Cape Cod Times Calls CPA impact "staggering and eye opening."

Cape Cod Times


Fund boosts decade of Cape, Islands projects

The numbers are staggering and eye-opening: $323.2 million and nearly 1,700 community improvement projects completed in a 10-year period on the Cape and Islands.

Taylor Bray Farm, Yarmouth

OPEN SPACE MAY 2015: Preservation of the town-owned Taylor Bray Farm property in Yarmouth Port with removal of invasive species. Merrily Cassidy/Cape Cod Times file

By Geoff Spillane

Posted Feb. 7, 2016 at 2:00 AM

BARNSTABLE — The numbers are staggering and eye-opening: $323.2 million and nearly 1,700 community improvement projects completed in a 10-year period on the Cape and Islands.

That’s how much money the 23 towns in Barnstable, Dukes and Nantucket counties have received from the Community Preservation Act to fund those open space, historic preservation, outdoor recreation and affordable housing projects during the past decade.

Enacted in 2000 by then-Gov. Paul Cellucci, the Community Preservation Act can be adopted by municipalities by referendum ballot to create a fund to preserve and improve natural, recreational and historic resources. It is funded through a combination of local and state funds; locally, towns raise funds through a surcharge of up to 3 percent of property tax, while the state contributes through a Community Preservation Trust Fund administered by the Department of Revenue and funded by recording fees collected by the state’s registries of deeds.

In November, Gov. Charlie Baker announced a transfer of $10 million from the state’s fiscal year 2015 budget surplus to the trust fund, providing all CPA communities with at least a 29.7 percent match to local property tax surcharge receipts.

Most towns on the Cape and Islands voted to adopt the CPA in 2005, converting the Cape Cod Land Bank Act in their towns to the CPA. Chatham, Provincetown and Nantucket adopted the CPA earlier.

Each town has a Community Preservation Committee that determines which projects proposed by residents and town officials will be funded.

To date, 160 of the state’s 351 municipalities have adopted the CPA, according to the Community Preservation Coalition, a Boston-based organization that works with local and state governments to help preserve the unique character of communities in Massachusetts.

“We are continuing to see a lot of interest in the program and no community that has adopted it has revoked it, even though they can after five years. I think that speaks to its benefits,” said Katherine Roth, associate director of the Community Preservation Coalition.

For the Cape and Islands, though, the CPA has been especially successful, according to Roth.

“For the Cape it has been a boon in all respects. It helps support the Cape’s heritage and tourism industry, as well as provide affordable housing and preservation of the fragile ecosystem and environment,” she said.

By virtue of its size, Barnstable, the largest town on the Cape, has been the recipient of the most CPA funds during the past 10 years — $45.3 million.

“Some of the most important projects have been the restoration of town buildings, including town hall, the school administration building.
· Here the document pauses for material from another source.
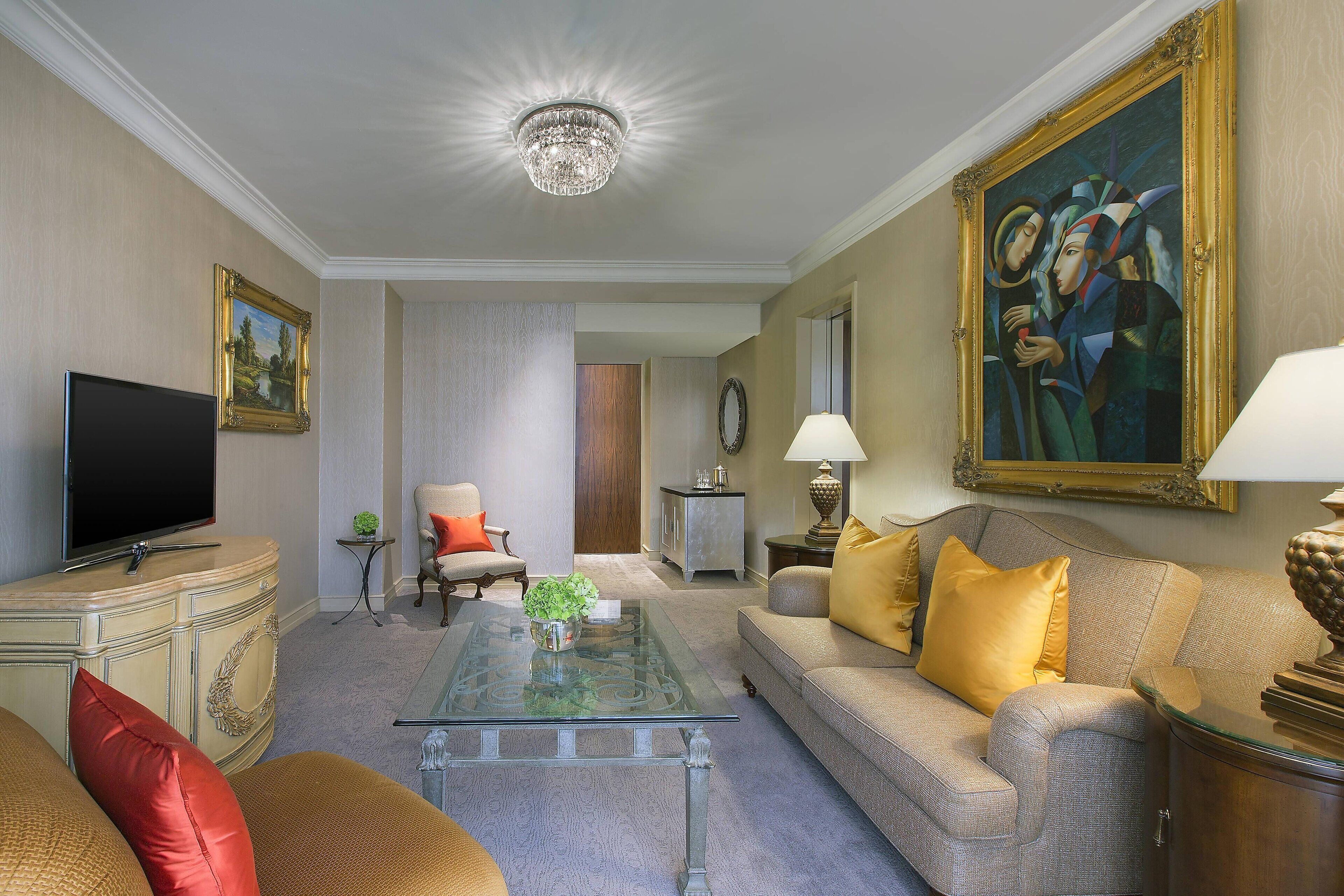 A living room with a television, sofa, and coffee table.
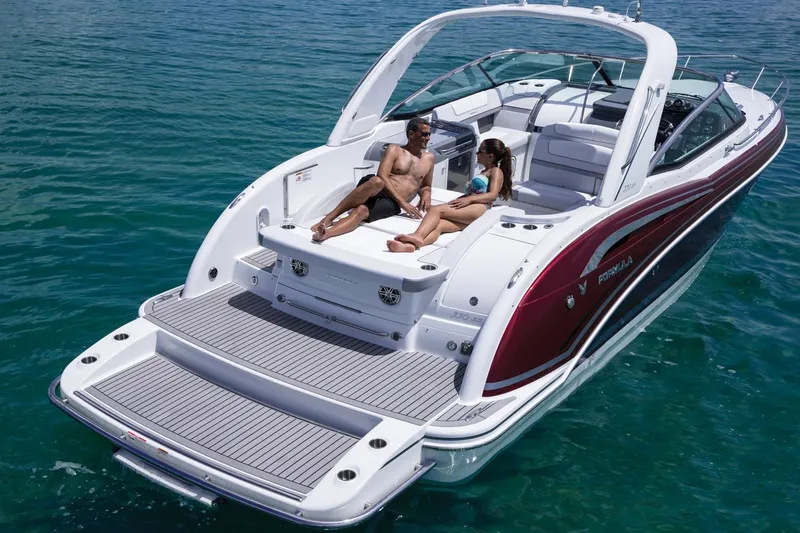 Gratitude Yacht Photos Pics Manufacturer Provided Image: 2015 Formula 350 Sun Sport boat with people relaxing on deck in clear blue water.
The Custom House in Barnstable Village and the Old Selectmen’s Building in West Barnstable,” said Lindsey Counsell, chairman of the Barnstable Community Preservation Committee, adding that CPA funding allowed the structures to be restored to their historical importance.

“Without CPA funds we would not have been able to reach the Secretary of the Interior’s standards level of restoration, or a true historical restoration,” he said.

Barnstable’s CPC is currently working on a comprehensive evaluation of existing ballfields in town, so that it can update its recreation infrastructure, according to Counsell.

“The CPA has allowed us to protect important acreage in town and restore historic private and public properties, but now it is morphing into a program that will look very closely at recreation needs,” he said

The committee will also be focusing on affordable housing, but it has been difficult to locate land in the past since Barnstable is close to “build out,” according to Counsell.

Barry Rector, the Nantucket Planning Board liaison to the town’s CPC, has been involved with the CPA since it was adopted on the island in 2001, and served as the chairman of the committee for many years.

“It has worked very well on Nantucket,” he said. “It’s wonderful that there’s a partnership that allows us to utilize local and state funding to accomplish projects that normally wouldn’t be recognized in the community.”

Major and memorable Nantucket CPA projects include acquiring more open space on the island, partnering with Habitat for Humanity to create affordable housing, restoring historical documents, building a playground in a high-density area and working to restore historic buildings and churches, according to Rector.

‘I look at the whole list of projects and if they were left to private organizations or the town to take on, they would have been dependent on budgets and taken longer to complete,” Rector added.

The Community Preservation Coalition highlights several Cape and Islands CPA success stories on its website at They include the relocation of the Gay Head Lighthouse in Aquinnah, school employee housing on Nantucket and an affordable housing apartment complex in Chatham.